Abstract
Although bats are increasingly being recognized as natural reservoir hosts of emerging zoonotic viruses, little is known about how they control and clear virus infection in the absence of clinical disease. Here, we test >50 convalescent sera from Egyptian rousette bats (ERBs) experimentally primed or prime-boosted with Marburg virus, Ebola virus, or Sosuga virus for the presence of virus-specific neutralizing antibodies, using infectious reporter viruses. After serum neutralization testing, we conclude that antibody-mediated virus neutralization does not contribute significantly to the control and clearance of Marburg virus, Ebola virus, or Sosuga virus infection in ERBs.
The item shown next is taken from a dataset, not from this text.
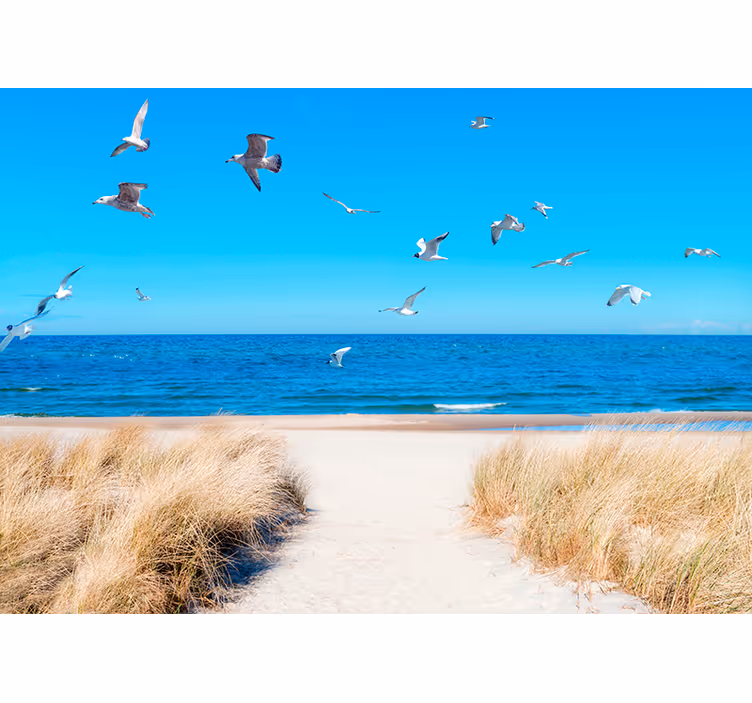 壁画海景 海边的宁静 - TenStickers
Keywords: Neutralization, Marburg virus, Ebola virus, Sosuga virus, bats
The order Mononegavirales is the taxonomic home of numerous zoonotic viruses, including filoviruses and paramyxoviruses. The Egyptian rousette bat (ERB; Rousettus aegyptiacus) is a natural reservoir host of Marburg virus (MARV; family Filoviridae, genus Marburgvirus) [1], a putative natural reservoir host of Sosuga virus (SOSV; family Paramyxoviridae, unclassified rubulavirus-like virus) [2], and a dead-end host of Ebola virus (EBOV; family Filoviridae, genus Ebolavirus) [3, 4]. Although ERBs infected with any one of these viruses exhibit no signs of clinical illness, humans often develop severe disease after infection. Shortly following experimental inoculation of ERBs with MARV [5–7] or SOSV (authors’ unpublished data), the bats develop viremia and exhibit high viral loads in multiple tissue specimens, oral swab specimens, rectal swab specimens, and urine specimens. In contrast, ERBs experimentally infected with EBOV exhibit low viral loads in a limited number of tissue specimens and fail to develop viremia or detectable viral shedding [3, 4]. Despite these differences in viral infection dynamics, bats infected with any one of these viruses develop virus-specific immunoglobulin G (IgG) antibody levels that begin to rise around 10 days after infection and peak between 14 and 28 days after infection [3, 5–7]. For MARV [5–7] and SOSV, the end of viral shedding typically coincides with peak virus-specific IgG antibody levels.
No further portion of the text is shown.